Weather: Rain to start, then cloudy, with cold westerly |
Distance covered today: 18.0km (11.2mi) |
Last night's B&B: The Post Office (£28) |
Cumulative distance: 1136.0km (705.9mi)/ % Complete: 59.4% |
GPS satellite track of today's route: Day 57 (click!) |
The name of tonight’s village does not slander its young ladies. It is in fact old English for a “muddy ford”, which is a little less defamatory, I think you’ll agree. Not that I’ve actually seen any of the young wenches, despite arriving in very good time. I have been holed up in my bedroom, under the duvet, being warmed by my netbook, which, amongst its other very many uses, also serves as a passable hot water bottle! It is perishing cold in these parts! I can’t believe it’s the middle of June! There is a howling gale blowing outside, the temperature can’t be above 10deg C, and there is no chance that these hardy northerners will switch on the heating in summer, whatever the temperature! In fact I detected a Scottish accent on arrival, which probably means they are even more inured to the cold. I have decided it will be warmer in the pub, so just as soon as I think it polite, I’ll steal out and settle in next to what I fervently hope will be a roaring log fire with a pint of best bitter or a glass of red.
The other problem, predictably, is an absence of wifi. Perhaps I’ll have better luck at the pub, but I’m not optimistic. I have managed to acquire a weak mobile signal on my dongle, so I will be able to upload the basic blog, but the photos will probably have to follow when next I get a decent connection. We will see....
Which leads me on to a rant, and I feel I deserve one because I have been very good for weeks now, transported as I have been by the luminous beauty of my surroundings. My issue is mobile phones! If you are reading this, it will be because the signal was transported across the ether by O2, who supplied the mobile dongle. I saw the mobile mast up the valley, so this was no surprise. What was a surprise is that my mobile phone, with a SIM card supplied by the network “3”, has no connection! We have all become used to this nonsense, but my point is that it really is unacceptable! Yesterday, on the top of Great Dun Fell, next to a huge mobile mast, I had no connection. “3” claims to have the best network in the land (they all do), but often, I just can’t connect.

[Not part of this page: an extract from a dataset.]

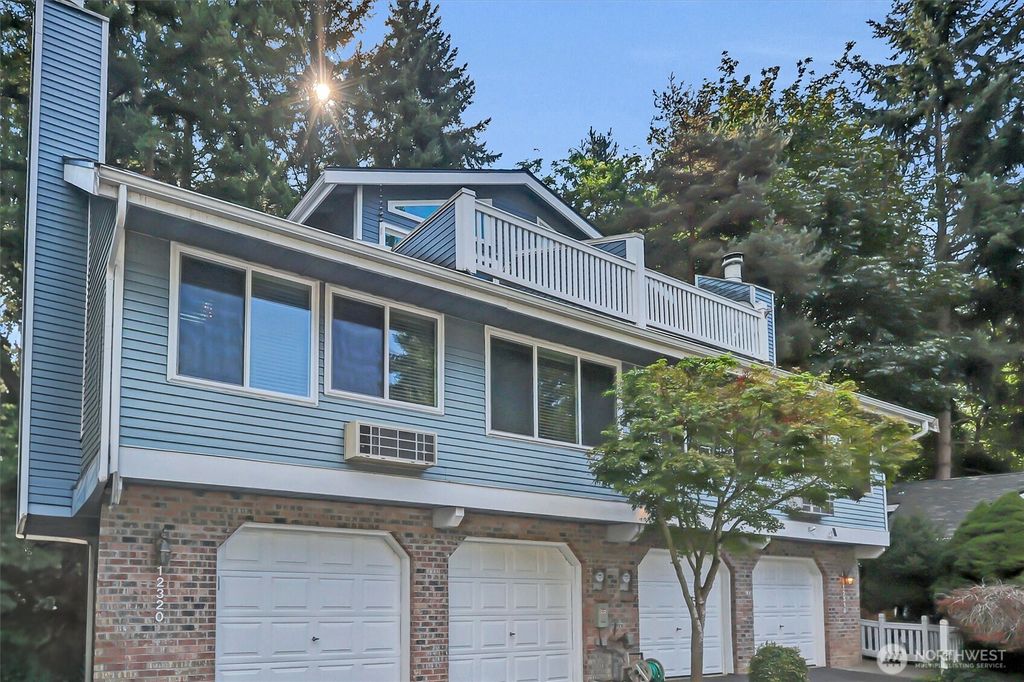 Photo of 12320 101st Court NE, Kirkland, WA 98034 (MLS # 2422390)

My point is that this is evidence of market failure. All these companies were compelled to compete by building individual networks, rather than sharing the infrastructure and competing on some other basis such as customer service or whatever. We all now have these marvellous devices which can do things that most people aren’t even aware of, other than reliably connect to each other, which is really what most people want from them in the first place, especially outside of the cities! In my experience, connections are far better in the developing world, which really is incredible! In my journey to date, I would estimate that I have had a mobile connection in no more than half the villages I have visited, which is simply unacceptable, and far worse than I expected.

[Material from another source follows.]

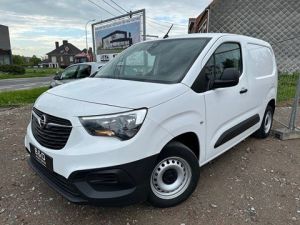 Vehiculo comercial Opel Combo Otro 1.5 Turbo D BlueInjection 12392 +BTW 47900 KM Occasion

Even on safety grounds, I would have thought that there would have been a good case for some sort of cooperation. Yesterday, on Cross Fell, there was excellent visibility, but today would have been quite the opposite, to the extent that I probably wouldn’t have climbed it today had I known there would be no signal on my network. I can’t think of any simpler or cheaper safety policy than to mandate universal mobile connectivity on the popular national trails, mountains and other recreational spaces of the UK. And if that makes sense, why not mandate it for all rural areas while they are at it. After all, it isn’t as if people are really aware of which network provides the best national coverage. They just buy the network that connects them at home and hope it works elsewhere. As a competitive tool, the only function of the current system is to keep out new entrants, which hardly leads to increased competition. Selling bandwidth has made the government a fortune, but extra network connectivity would have been what people wanted. In my view all this is a classic case of poor regulation leading to market failure, just like the banks (well, OK, not quite like the banks…..)
OK, rant over! As you may already have guessed, today’s walk was a fairly straightforward affair. I was amused to read the comment in my guide that on reaching the town of Alston (half-way between Garrigill and Slaggyford), “you should be aware that it is you that is coming down from outer space, not the locals”. Today’s walk along the South Tyne River and along a disused railway line was indeed a return to normality, after a few days of high excitement. It felt like coming back to the office after an overseas business trip, if ever walking through the Garden of Eden can be compared to a day in the office! But there was the same feel to it.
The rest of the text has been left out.